Instructions for the task
The result should be an exact copy of only the lines from the one with "Welcome to my" through the last line of the data below, with pictures omitted.

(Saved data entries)

****************************************

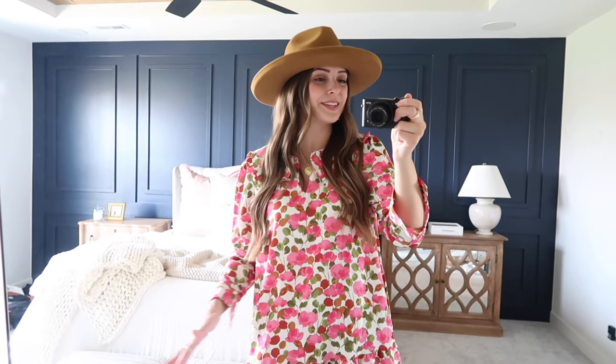Hopefully this gave you some fun outfit inspiration and ideas on ways to style your new Gigi Pip hats. That's it for this video — I hope you all enjoyed it. Be sure to give it a thumbs up if you did. Right down below in the description box is the link for Gigi Pip's website plus my discount code to save 15% off your order. They are just gorgeous and I know you will fall in love with them. Comment down below and let me know which hat was your favorite or which outfit you loved the most. Thank you so much for watching — I'll talk to you guys next time. Bye!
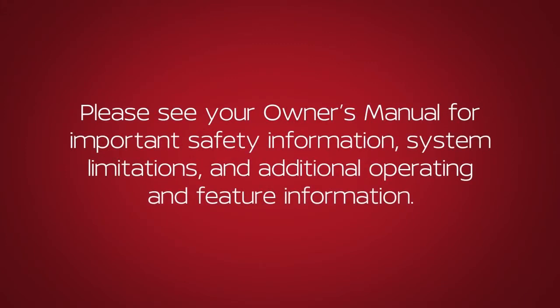Please see your Owner's Manual for important safety information, system limitations and additional operating and feature information.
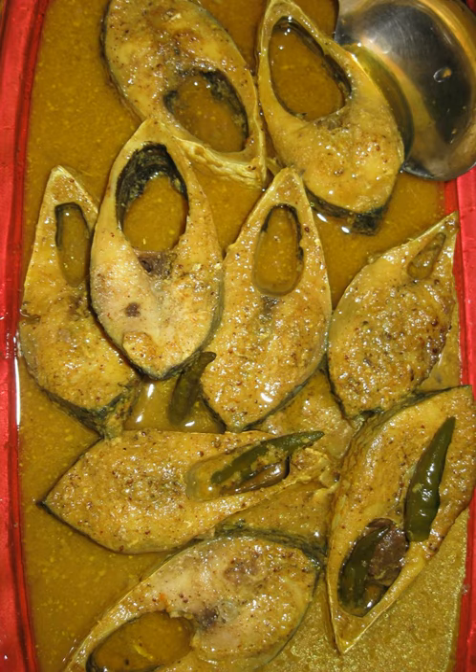The chopped pieces of the fish are washed and the scales removed. Wet grind white mustard, black mustard, green chili and salt to make a fine paste. Heat mustard oil on low-medium flame,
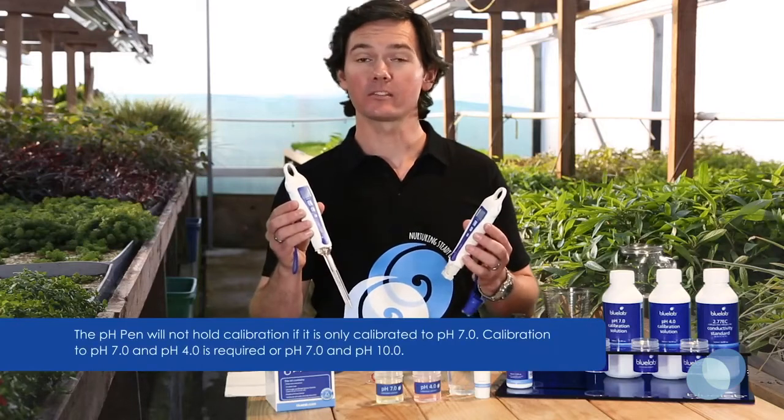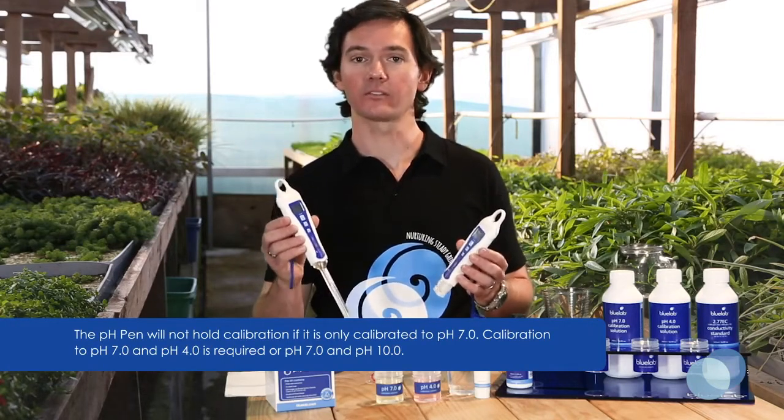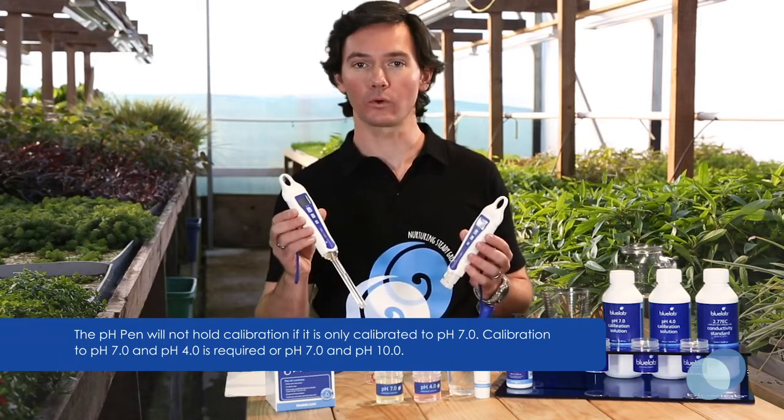To maintain a reliable pH reading between calibrations, the Bluelab pH pen should always be calibrated to two points. Also remember that you should always start calibration with pH 7 solution first, and then pH 4 or pH 10.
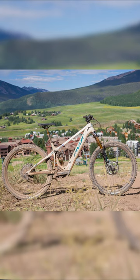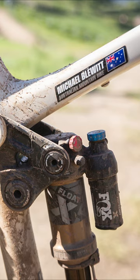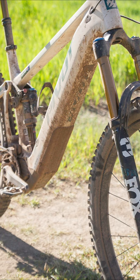My take on the Pivot Shuttle AM: I think Pivot have done a fantastic job reimagining what their most popular e-bike should be. If you take the DNA of the Pivot Switchblade and put a motor on it, that is what the new Pivot Shuttle AM is. It's a bike that is going to be at home on just about any trail system in Australia and probably in plenty of other countries around the world too.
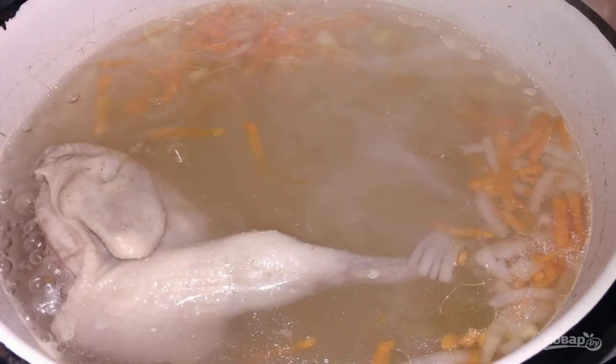As always, I cook soup with quail. I have already fallen in love with this bird so much that the whole family is happy to eat dishes based on it. You can take any meat for broth according to your taste. This soup is very good without frying, especially for a rich broth. When the meat boils, toss in the chopped onions and carrots, and add salt to taste.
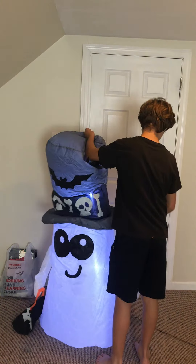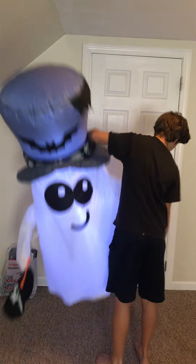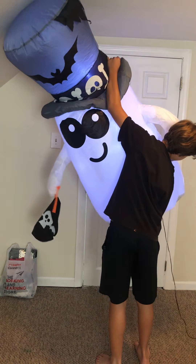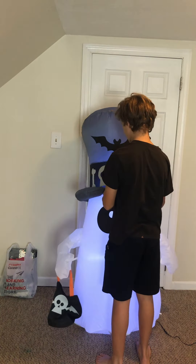Yeah, this thing takes forever to inflate. The bean bags are really heavy on this thing, as you can see — really, really heavy bean bags.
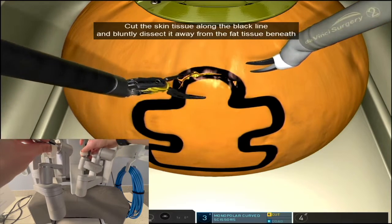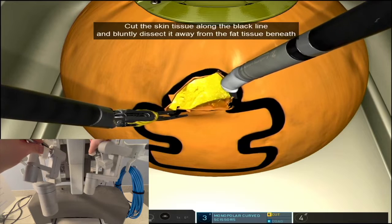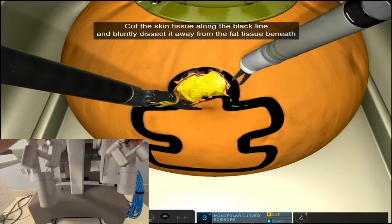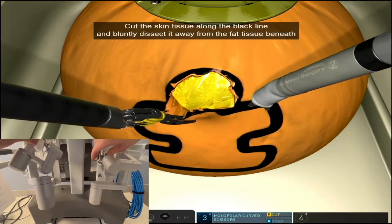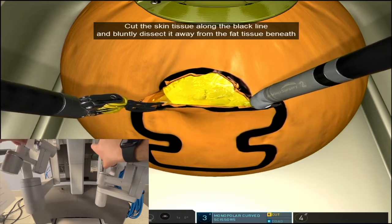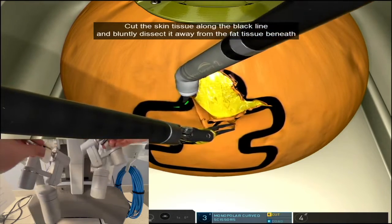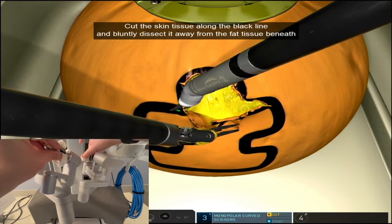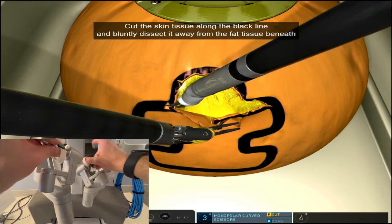As you start lifting your flap off the base of the tissue, you're gonna see that there are some attachments underneath that are presumed to be fat. And you can just use your scissors to bluntly or sharply separate and dissect them, and the piece is gonna slide right off.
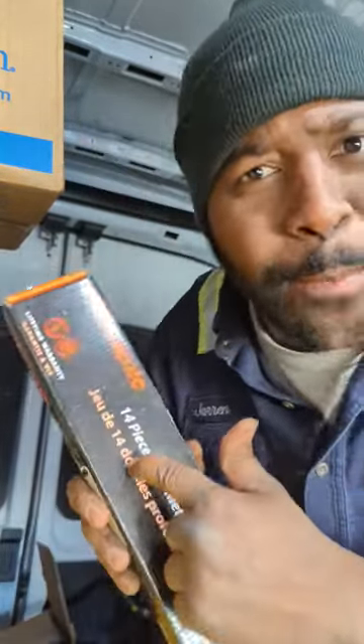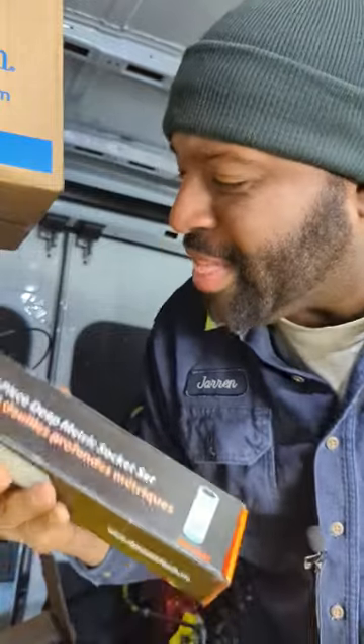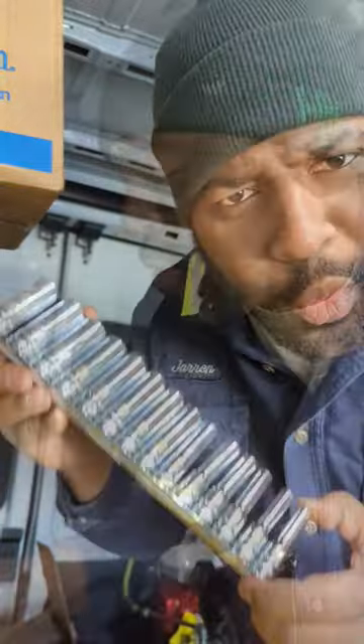Hey, what's going on YouTube — Garnet here. Today let's talk about a nice new budget option I stumbled across. This is a set of sockets from Dynamic Tools, an offshoot of Great Tools Canada.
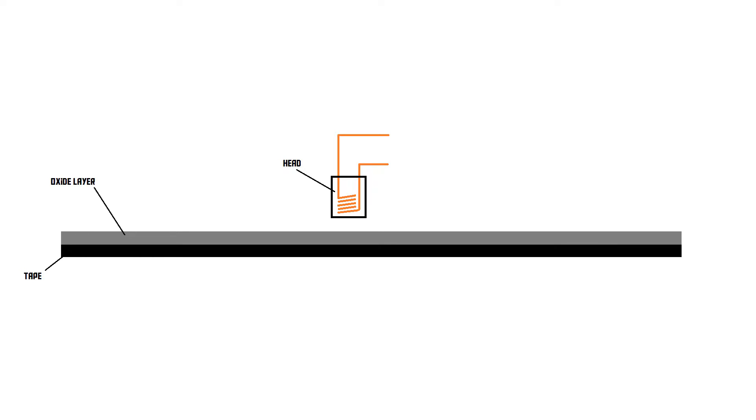In a typical tape recording setup, you have your tape, which consists of the tape itself covered in an oxide layer. This oxide layer can be magnetised by a magnet. In the recording device, there is a so-called head, which is basically an electromagnet — a coil of wire. When you turn on electricity to that head, it becomes a magnet and is able to magnetise the oxide layer on the tape.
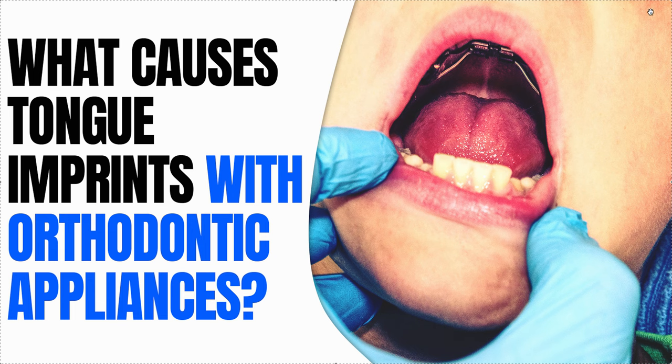But usually it goes away. As always, see your orthodontist or your dentist if this happens.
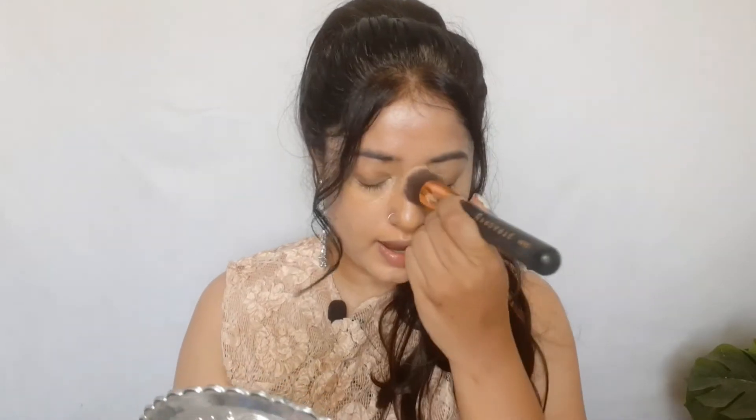I have a beauty blender. I'm going to take the lightest shade from here with a fluffy eyeshadow brush so I can slightly lighten my middle part. I'm also going to go on this side because I wear glasses, so sometimes this part looks dark.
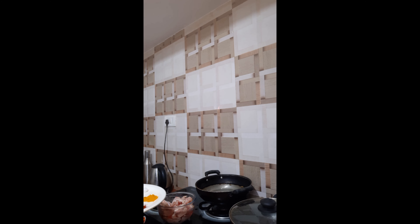Welcome to my kitchen. Today I am going to show you chicken Hyderabadi Biryani.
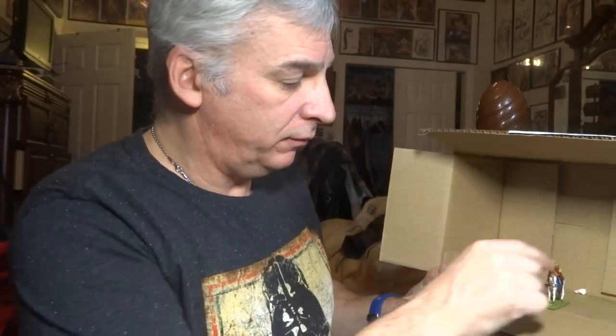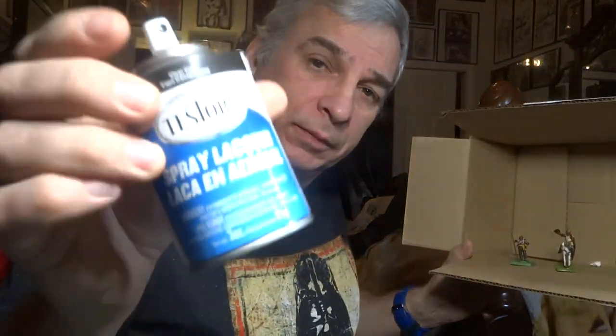It's freezing outside — like zero below right now — so I don't feel like taking this stuff outside. I have the cavalry foot officer, the sergeant, and the British foot infantry officer. I went to the hobby store yesterday and picked up some Dullcote; it's Testors brand. We'll see what happens.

****************************************

Answer space
Welcome to my kitchen. Today I am going to show you chicken Hyderabadi Biryani.
It's freezing outside — like zero below right now — so I don't feel like taking this stuff outside. I have the cavalry foot officer, the sergeant, and the British foot infantry officer. I went to the hobby store yesterday and picked up some Dullcote; it's Testors brand. We'll see what happens.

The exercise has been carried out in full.